Pictures with short captions
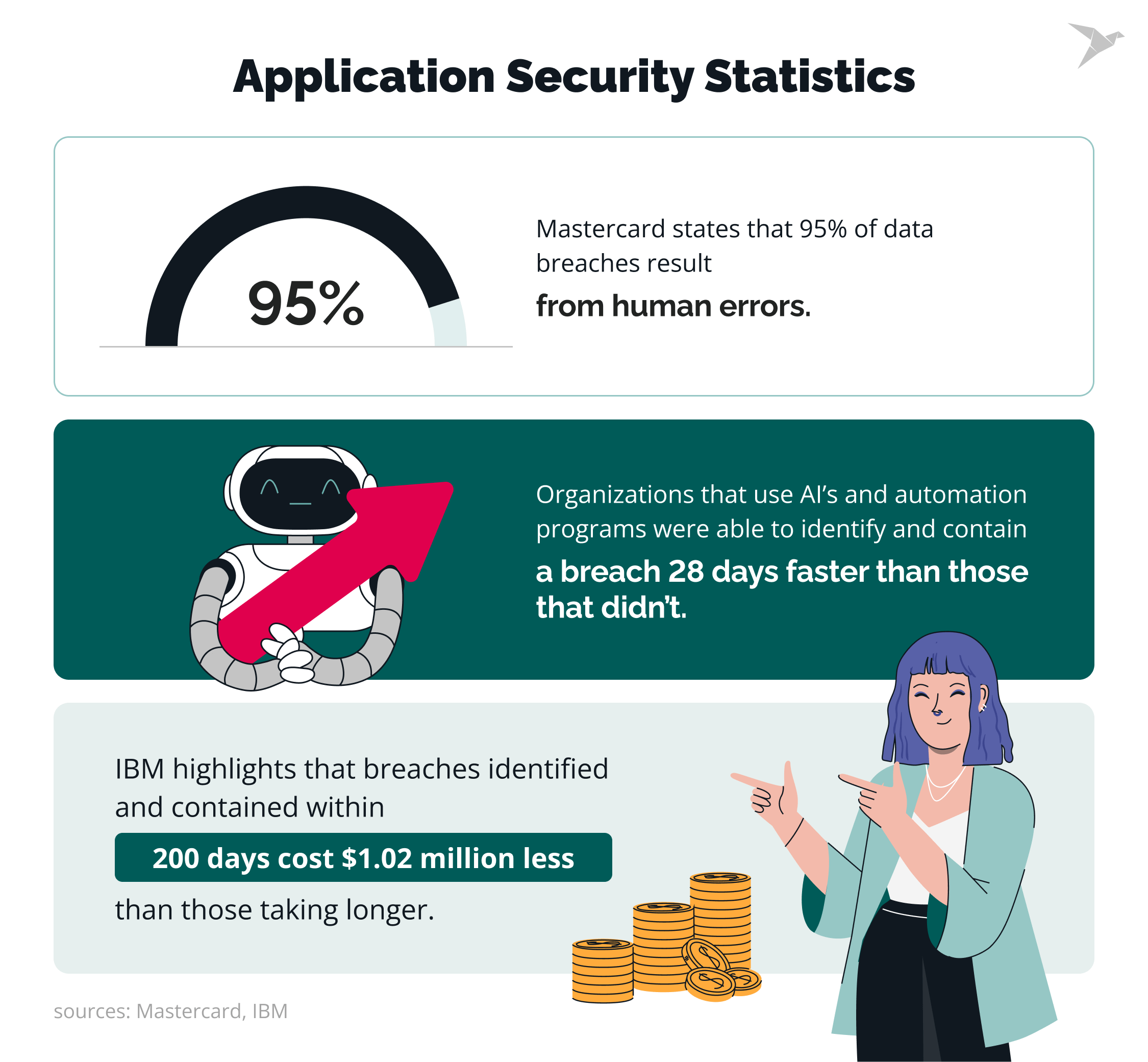 Application Security Statistics
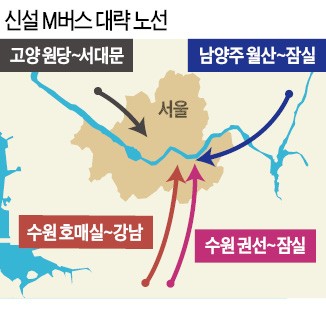 고양·남양주·수원→서울 광역버스 생긴다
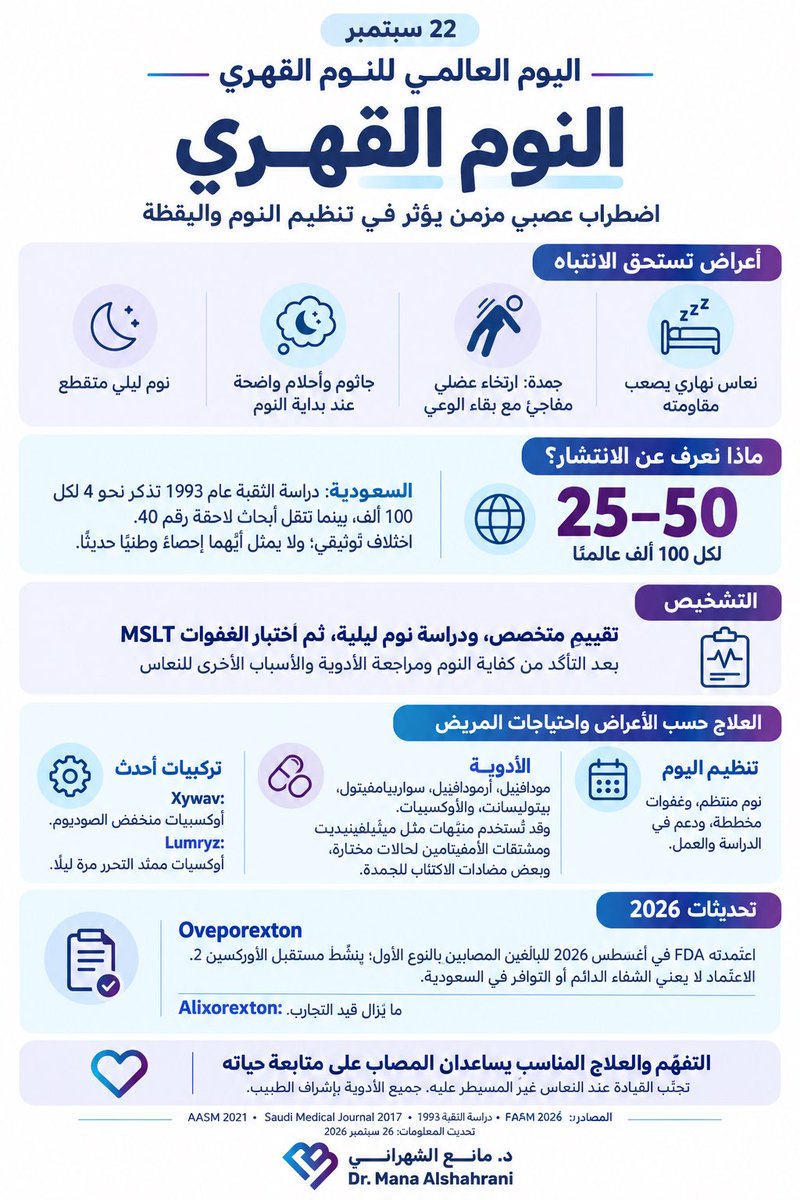 Alshahrani1986's tweet photo. 15/30
من الأدوية المستخدمة لتحسين اليقظة: مودافينيل وأرمودافينيل.

وقد تُستخدم أدوية مثل ميثيلفينيديت أو ديكستروأمفيتامين في حالات مختارة. يختلف الاختيار بحسب الأعراض والاستجابة والآثار الجانبية والأمراض المصاحبة. 

16/30
سولريامفيتول «Solriamfetol / Sunosi» خيار لعلاج النعاس النهاري المفرط لدى البالغين المصابين بالنوم القهري.

يساعد على تعزيز اليقظة، ويستلزم تقييم ضغط الدم والنبض ومتابعتهما أثناء العلاج. 

17/30
بيتوليسانت «Pitolisant / Wakix» يعمل عبر منظومة الهيستامين، ويُستخدم للنعاس النهاري والجمدة.

ومن تحديثات 2026: توسّع اعتماده الأمريكي في 13 فبراير ليشمل علاج الجمدة لدى الأطفال من عمر 6 سنوات؛ بعد اعتماد النعاس لهذه الفئة سابقًا. 

18/30
الأوكسيبات من الخيارات المهمة لعلاج الجمدة والنعاس النهاري، وتُعطى ليلًا وفق نظام يحدده الطبيب.

تحتاج متابعة دقيقة بسبب مخاطر تثبيط الجهاز العصبي والتنفس، ويُمنع جمعها مع الكحول أو الأدوية المنوّمة المهدئة. 

19/30
تطورت تركيبات الأوكسيبات أيضًا:

«Xywav» يحتوي على صوديوم أقل من أوكسيبات الصوديوم التقليدي.

و«Lumryz» تركيبة ممتدة التحرر تُؤخذ مرة ليلًا، فتجنّب الاستيقاظ لجرعة ثانية. لكل تركيبة اعتبارات تختلف بحسب المريض.

20/30
قد يصف الطبيب بعض مضادات الاكتئاب لتخفيف الجمدة وأعراض مرتبطة بنوم الأحلام، حتى عند عدم وجود اكتئاب.

اختيار العلاج يتبع العرض المستهدف؛ فالدواء الذي يحسّن اليقظة قد لا يغطي بقية الأعراض بالدرجة نفسها. 

21/30
تحديث علاجي بارز:

في 5 أغسطس 2026 اعتمدت FDA دواء أوفيبوريكستون «Oveporexton / Orzeyful» للبالغين المصابين بالنوم القهري من النوع الأول.

وهو أول علاج معتمد أمريكيًا يعمل مباشرةً على استعادة إشارات الأوركسين الناقصة. 

22/30
ينشّط أوفيبوريكستون مستقبل الأوركسين 2، فيستهدف مسارًا أساسيًا في المرض.

أظهرت التجارب تحسنًا في اليقظة والنعاس والجمدة وأعراض أخرى. هذه خطوة مهمة نحو علاج يغطي نطاقًا أوسع من الأعراض، مع استمرار الحاجة للمتابعة. 

23/30
التقدم العلاجي يحتاج وصفًا دقيقًا:

استهداف مسار الأوركسين لا يثبت الشفاء الدائم. ومن الآثار الجانبية المبلغ عنها لأوفيبوريكستون: الأرق، وتكرار التبول أو إلحاحه، وزيادة اللعاب. وله تداخلات دوائية يجب مراجعتها قبل وصفه. 

24/30
الاعتماد والتوافر مرحلتان مختلفتان.

حتى 26 سبتمبر 2026، يشير موقع Orzeyful الرسمي إلى توافر أمريكي متوقع بحلول نوفمبر، بعد استكمال إجراءات التصنيف الرقابي.

25/30
البحث مستمر: «Alixorexton»، المعروف سابقًا باسم ALKS 2680، منشّط آخر لمستقبل الأوركسين 2، ويُدرس في تجارب المرحلة الثالثة للنوعين الأول والثاني.
ما يزال علاجًا تجريبيًا.

26/30
المتابعة تشمل النوم والمزاج والوزن وضغط الدم، إلى جانب التحصيل والعمل وجودة الحياة.

كما تحتاج الأدوية مراجعة خاصة عند التخطيط للحمل والرضاعة، ومع استخدام موانع الحمل الهرمونية؛ لأن بعض العلاجات قد تؤثر في فعاليتها. 

27/30
السلامة جزء من العلاج.

إذا كان النعاس غير مضبوط، تجنّب القيادة وتشغيل الآلات أو العمل في المرتفعات. ناقش مع طبيبك طبيعة عملك وتنقلك، وأي نوبات غفوة أو حوادث كادت تقع؛ فهذه معلومات تؤثر في الخطة العلاجية. 

28/30
للأسرة والمعلمين وأصحاب العمل:

اسألوا المصاب عمّا يساعده على أداء يومه. قد تفيده فترات غفوة مخططة، ومرونة مناسبة في المواعيد، وترتيبات للاختبارات.

التفهّم يتيح له طلب المساعدة مبكرًا، ويقلّل الخجل من أعراض لا يختارها. 

29/30
وللمنظومة الصحية: نحتاج إلى إحالة مبكرة عند الاشتباه، وإتاحة الفحوص والعلاج والمتابعة.

30/30
إلى من يعيش مع النوم القهري: من حقك أن يُؤخذ نعاسك بجدية، وأن تجد علاجًا ودعمًا يساعدانك على متابعة طموحك.

إذا كان النعاس يعطّل حياتك، فابدأ بتقييم حالتك لدى طبيب النوم.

WHAT IS BEING ASKED: The expected answer is the complete set of entries, copied verbatim, with no pictures.

ANSWER TO THE PROBLEM:
 Application Security Statistics
 고양·남양주·수원→서울 광역버스 생긴다
 Alshahrani1986's tweet photo. 15/30
من الأدوية المستخدمة لتحسين اليقظة: مودافينيل وأرمودافينيل.

وقد تُستخدم أدوية مثل ميثيلفينيديت أو ديكستروأمفيتامين في حالات مختارة. يختلف الاختيار بحسب الأعراض والاستجابة والآثار الجانبية والأمراض المصاحبة. 

16/30
سولريامفيتول «Solriamfetol / Sunosi» خيار لعلاج النعاس النهاري المفرط لدى البالغين المصابين بالنوم القهري.

يساعد على تعزيز اليقظة، ويستلزم تقييم ضغط الدم والنبض ومتابعتهما أثناء العلاج. 

17/30
بيتوليسانت «Pitolisant / Wakix» يعمل عبر منظومة الهيستامين، ويُستخدم للنعاس النهاري والجمدة.

ومن تحديثات 2026: توسّع اعتماده الأمريكي في 13 فبراير ليشمل علاج الجمدة لدى الأطفال من عمر 6 سنوات؛ بعد اعتماد النعاس لهذه الفئة سابقًا. 

18/30
الأوكسيبات من الخيارات المهمة لعلاج الجمدة والنعاس النهاري، وتُعطى ليلًا وفق نظام يحدده الطبيب.

تحتاج متابعة دقيقة بسبب مخاطر تثبيط الجهاز العصبي والتنفس، ويُمنع جمعها مع الكحول أو الأدوية المنوّمة المهدئة. 

19/30
تطورت تركيبات الأوكسيبات أيضًا:

«Xywav» يحتوي على صوديوم أقل من أوكسيبات الصوديوم التقليدي.

و«Lumryz» تركيبة ممتدة التحرر تُؤخذ مرة ليلًا، فتجنّب الاستيقاظ لجرعة ثانية. لكل تركيبة اعتبارات تختلف بحسب المريض.

20/30
قد يصف الطبيب بعض مضادات الاكتئاب لتخفيف الجمدة وأعراض مرتبطة بنوم الأحلام، حتى عند عدم وجود اكتئاب.

اختيار العلاج يتبع العرض المستهدف؛ فالدواء الذي يحسّن اليقظة قد لا يغطي بقية الأعراض بالدرجة نفسها. 

21/30
تحديث علاجي بارز:

في 5 أغسطس 2026 اعتمدت FDA دواء أوفيبوريكستون «Oveporexton / Orzeyful» للبالغين المصابين بالنوم القهري من النوع الأول.

وهو أول علاج معتمد أمريكيًا يعمل مباشرةً على استعادة إشارات الأوركسين الناقصة. 

22/30
ينشّط أوفيبوريكستون مستقبل الأوركسين 2، فيستهدف مسارًا أساسيًا في المرض.

أظهرت التجارب تحسنًا في اليقظة والنعاس والجمدة وأعراض أخرى. هذه خطوة مهمة نحو علاج يغطي نطاقًا أوسع من الأعراض، مع استمرار الحاجة للمتابعة. 

23/30
التقدم العلاجي يحتاج وصفًا دقيقًا:

استهداف مسار الأوركسين لا يثبت الشفاء الدائم. ومن الآثار الجانبية المبلغ عنها لأوفيبوريكستون: الأرق، وتكرار التبول أو إلحاحه، وزيادة اللعاب. وله تداخلات دوائية يجب مراجعتها قبل وصفه. 

24/30
الاعتماد والتوافر مرحلتان مختلفتان.

حتى 26 سبتمبر 2026، يشير موقع Orzeyful الرسمي إلى توافر أمريكي متوقع بحلول نوفمبر، بعد استكمال إجراءات التصنيف الرقابي.

25/30
البحث مستمر: «Alixorexton»، المعروف سابقًا باسم ALKS 2680، منشّط آخر لمستقبل الأوركسين 2، ويُدرس في تجارب المرحلة الثالثة للنوعين الأول والثاني.
ما يزال علاجًا تجريبيًا.

26/30
المتابعة تشمل النوم والمزاج والوزن وضغط الدم، إلى جانب التحصيل والعمل وجودة الحياة.

كما تحتاج الأدوية مراجعة خاصة عند التخطيط للحمل والرضاعة، ومع استخدام موانع الحمل الهرمونية؛ لأن بعض العلاجات قد تؤثر في فعاليتها. 

27/30
السلامة جزء من العلاج.

إذا كان النعاس غير مضبوط، تجنّب القيادة وتشغيل الآلات أو العمل في المرتفعات. ناقش مع طبيبك طبيعة عملك وتنقلك، وأي نوبات غفوة أو حوادث كادت تقع؛ فهذه معلومات تؤثر في الخطة العلاجية. 

28/30
للأسرة والمعلمين وأصحاب العمل:

اسألوا المصاب عمّا يساعده على أداء يومه. قد تفيده فترات غفوة مخططة، ومرونة مناسبة في المواعيد، وترتيبات للاختبارات.

التفهّم يتيح له طلب المساعدة مبكرًا، ويقلّل الخجل من أعراض لا يختارها. 

29/30
وللمنظومة الصحية: نحتاج إلى إحالة مبكرة عند الاشتباه، وإتاحة الفحوص والعلاج والمتابعة.

30/30
إلى من يعيش مع النوم القهري: من حقك أن يُؤخذ نعاسك بجدية، وأن تجد علاجًا ودعمًا يساعدانك على متابعة طموحك.

إذا كان النعاس يعطّل حياتك، فابدأ بتقييم حالتك لدى طبيب النوم.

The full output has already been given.